> 1. Sub-rules and backtracking
>
> > <name(expr)> # call rule, passing Perl args
> > { .name(expr) } # same thing.
>
> > <name pat> # call rule, passing regex arg
> > { .name(/pat/) } # same thing.
>
> Considering perl can't sanely know how to backtrack into a closure, wouldn't
> { .name(expr) } be equal to <name(expr)>: instead? (note the colon)
Nope. <name(expr)>: is equivalent to { .name{expr} }: . It does know
how to backtrack into a closure: it skips right by it (or throws an
exception through it... not sure which) and tries again.
Hypotheticals make this function properly.

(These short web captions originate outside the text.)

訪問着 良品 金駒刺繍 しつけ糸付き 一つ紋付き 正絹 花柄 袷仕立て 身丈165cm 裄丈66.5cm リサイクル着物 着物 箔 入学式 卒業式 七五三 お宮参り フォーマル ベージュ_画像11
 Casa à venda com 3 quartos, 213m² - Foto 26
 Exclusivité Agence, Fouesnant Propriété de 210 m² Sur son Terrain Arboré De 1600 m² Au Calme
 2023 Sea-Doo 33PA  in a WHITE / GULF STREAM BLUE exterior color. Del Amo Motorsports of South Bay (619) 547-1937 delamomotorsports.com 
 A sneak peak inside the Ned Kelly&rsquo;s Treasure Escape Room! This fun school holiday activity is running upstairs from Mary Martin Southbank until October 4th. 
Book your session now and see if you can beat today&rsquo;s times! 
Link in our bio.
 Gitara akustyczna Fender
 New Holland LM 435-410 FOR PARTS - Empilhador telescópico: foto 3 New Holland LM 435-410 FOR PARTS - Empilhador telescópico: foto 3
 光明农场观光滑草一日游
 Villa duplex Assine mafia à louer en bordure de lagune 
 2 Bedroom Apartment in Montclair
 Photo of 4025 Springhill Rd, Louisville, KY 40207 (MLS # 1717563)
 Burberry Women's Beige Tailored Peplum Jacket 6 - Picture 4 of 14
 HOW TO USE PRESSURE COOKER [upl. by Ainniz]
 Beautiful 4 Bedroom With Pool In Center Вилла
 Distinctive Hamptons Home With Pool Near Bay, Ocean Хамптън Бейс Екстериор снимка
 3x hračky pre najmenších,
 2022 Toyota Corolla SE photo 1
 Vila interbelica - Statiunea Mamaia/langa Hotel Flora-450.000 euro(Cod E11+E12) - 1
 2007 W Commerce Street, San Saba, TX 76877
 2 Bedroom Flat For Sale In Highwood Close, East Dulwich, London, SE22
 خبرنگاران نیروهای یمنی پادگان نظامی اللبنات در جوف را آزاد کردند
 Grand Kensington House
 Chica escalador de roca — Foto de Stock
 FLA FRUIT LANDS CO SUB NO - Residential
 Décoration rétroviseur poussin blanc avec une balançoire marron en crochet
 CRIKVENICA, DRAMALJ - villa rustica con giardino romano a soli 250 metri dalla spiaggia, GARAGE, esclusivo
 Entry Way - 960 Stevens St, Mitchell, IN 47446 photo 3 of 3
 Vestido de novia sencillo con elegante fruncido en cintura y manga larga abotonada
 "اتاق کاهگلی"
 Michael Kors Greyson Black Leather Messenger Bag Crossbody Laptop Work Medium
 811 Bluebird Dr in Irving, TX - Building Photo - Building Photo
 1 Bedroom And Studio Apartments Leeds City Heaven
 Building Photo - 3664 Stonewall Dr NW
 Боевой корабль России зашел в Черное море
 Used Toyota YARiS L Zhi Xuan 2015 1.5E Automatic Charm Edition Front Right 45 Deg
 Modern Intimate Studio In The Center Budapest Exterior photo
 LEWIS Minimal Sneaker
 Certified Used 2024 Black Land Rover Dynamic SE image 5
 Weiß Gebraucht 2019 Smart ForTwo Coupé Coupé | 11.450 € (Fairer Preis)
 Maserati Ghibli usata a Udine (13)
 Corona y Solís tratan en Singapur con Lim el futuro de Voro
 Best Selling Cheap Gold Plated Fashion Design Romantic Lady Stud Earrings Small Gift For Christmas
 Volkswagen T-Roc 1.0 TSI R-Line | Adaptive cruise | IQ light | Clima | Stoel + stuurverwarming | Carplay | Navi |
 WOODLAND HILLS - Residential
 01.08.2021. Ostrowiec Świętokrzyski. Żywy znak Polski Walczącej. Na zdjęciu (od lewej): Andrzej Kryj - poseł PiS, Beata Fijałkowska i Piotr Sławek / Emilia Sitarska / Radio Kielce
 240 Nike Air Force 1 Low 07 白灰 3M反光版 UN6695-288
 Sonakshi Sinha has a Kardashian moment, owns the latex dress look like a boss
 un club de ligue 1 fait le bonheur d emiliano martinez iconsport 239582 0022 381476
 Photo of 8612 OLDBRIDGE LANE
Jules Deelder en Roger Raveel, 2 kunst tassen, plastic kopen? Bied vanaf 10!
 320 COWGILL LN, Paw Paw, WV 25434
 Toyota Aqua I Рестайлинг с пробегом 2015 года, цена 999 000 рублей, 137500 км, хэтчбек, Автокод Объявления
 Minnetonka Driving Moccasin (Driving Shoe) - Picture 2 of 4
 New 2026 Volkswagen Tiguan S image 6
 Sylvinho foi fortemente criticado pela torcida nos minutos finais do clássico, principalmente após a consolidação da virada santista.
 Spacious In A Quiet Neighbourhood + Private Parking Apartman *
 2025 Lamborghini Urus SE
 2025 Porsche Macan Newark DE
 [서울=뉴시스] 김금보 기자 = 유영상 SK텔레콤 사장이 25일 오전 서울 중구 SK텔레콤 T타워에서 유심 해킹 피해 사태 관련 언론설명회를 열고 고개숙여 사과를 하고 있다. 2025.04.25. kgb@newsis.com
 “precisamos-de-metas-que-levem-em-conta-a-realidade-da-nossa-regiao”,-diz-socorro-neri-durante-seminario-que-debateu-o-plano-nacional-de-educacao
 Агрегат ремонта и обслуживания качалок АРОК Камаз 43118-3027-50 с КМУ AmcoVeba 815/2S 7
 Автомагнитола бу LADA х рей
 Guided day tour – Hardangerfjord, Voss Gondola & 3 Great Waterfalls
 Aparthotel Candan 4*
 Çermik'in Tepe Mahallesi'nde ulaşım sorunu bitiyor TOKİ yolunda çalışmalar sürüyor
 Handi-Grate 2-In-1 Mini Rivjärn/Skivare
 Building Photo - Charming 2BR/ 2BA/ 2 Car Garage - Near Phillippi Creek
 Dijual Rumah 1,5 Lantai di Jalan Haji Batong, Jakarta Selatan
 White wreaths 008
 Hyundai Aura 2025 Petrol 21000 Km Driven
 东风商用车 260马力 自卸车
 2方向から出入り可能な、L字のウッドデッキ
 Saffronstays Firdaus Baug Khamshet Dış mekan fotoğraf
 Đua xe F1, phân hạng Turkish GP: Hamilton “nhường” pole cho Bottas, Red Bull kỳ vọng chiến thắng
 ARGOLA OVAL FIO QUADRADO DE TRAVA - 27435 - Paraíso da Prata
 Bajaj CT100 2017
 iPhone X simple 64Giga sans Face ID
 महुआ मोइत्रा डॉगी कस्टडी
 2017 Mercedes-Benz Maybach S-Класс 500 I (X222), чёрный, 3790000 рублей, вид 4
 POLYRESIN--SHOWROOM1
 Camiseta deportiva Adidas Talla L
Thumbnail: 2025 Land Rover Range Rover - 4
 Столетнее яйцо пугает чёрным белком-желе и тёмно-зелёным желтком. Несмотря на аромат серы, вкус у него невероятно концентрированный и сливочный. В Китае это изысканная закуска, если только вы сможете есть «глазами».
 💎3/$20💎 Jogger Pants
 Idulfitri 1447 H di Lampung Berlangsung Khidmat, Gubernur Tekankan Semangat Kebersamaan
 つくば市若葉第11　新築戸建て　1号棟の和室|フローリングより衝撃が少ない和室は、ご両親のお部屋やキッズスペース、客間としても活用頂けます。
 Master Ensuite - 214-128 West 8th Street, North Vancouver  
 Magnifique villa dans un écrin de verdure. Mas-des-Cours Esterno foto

> It seems to me that for a rule to be able to backtrack, you would need to
> pass a closure as arg that represents the rest of the match: the rule
> matches, calls the closure, and if the closure returns tries to backtrack
> and calls it again, or returns if all possibilities are exhausted.
Sounds like continuation-passing style. Yes, you can backtrack
through code with continuation-passing style. Continuations have yet
to be introduced into the language.
> Related to this: what is the prototype for rules (in case you want to
> manually write or invoke them) ?
rule somerule($0) {}
If it takes arguments, put them on the end of the signature. Invoke
them just like subs.
(Just realized something: you can't do {...} on a rule, because that
means match any character three times.)
> 3. Negated assertions
>
> > any assertion that begins with ! is simply negated.
>
> > \P{prop} <!prop>
> > (?!...) <!before ...> # negative lookahead
> > [^[:alpha:]] <-alpha>
>
> Considering <prop> means "matches a character with property prop", it
> seems to me <!prop> would mean the ZERO-WIDTH assertion "does not match a
> character with property prop", rather than "match a character without
> property prop".
Right. It has to be. There is no way to implement it in a
sufficiently general way otherwise.
> 5. Character class semantics
>
> > predefined character classes are just considered intrinsic grammar rules
>
> This means you can place arbitrary rules inside a character class. What
> if the rule has a width unequal to 1 or even variable-width? I can think
> of a few possibilities:
>
> a. Require subrules inside a character class to have a fixed width of 1
> char. (requires a run-time check since the rule might be redefined.. ick)
>
> b. Rules inside a character class are ORed together, an inverted subrule
> is interpreted as [ <!before <subrule>> . ]
>
> c. The whole character class is a zero-width assertion followed by the
> traversal of a single char.
>
> My personal preference is (c), which also means \N is equivalent to <-\n>
Yikes. Good questions. Recall that Unicode is sortof like
multi-character matching, so it might be possible to allow
<<anyrule><anyother>>. That might be a way to specify the parallel
matching of those two rules. It's entirely likely that I'm wrong.
> 6. Null pattern
>
> > That won't work because it'll look for the :wfoo modifier. However, there
> > are several ways to get the effect you want:
> > /[:w()foo bar]/
> > /[:w[]foo bar]/
>
> Tsk tsk Larry, those look like null patterns to me :-)
>
> While I'm on the subject.. why not allow <> as the match-always assertion?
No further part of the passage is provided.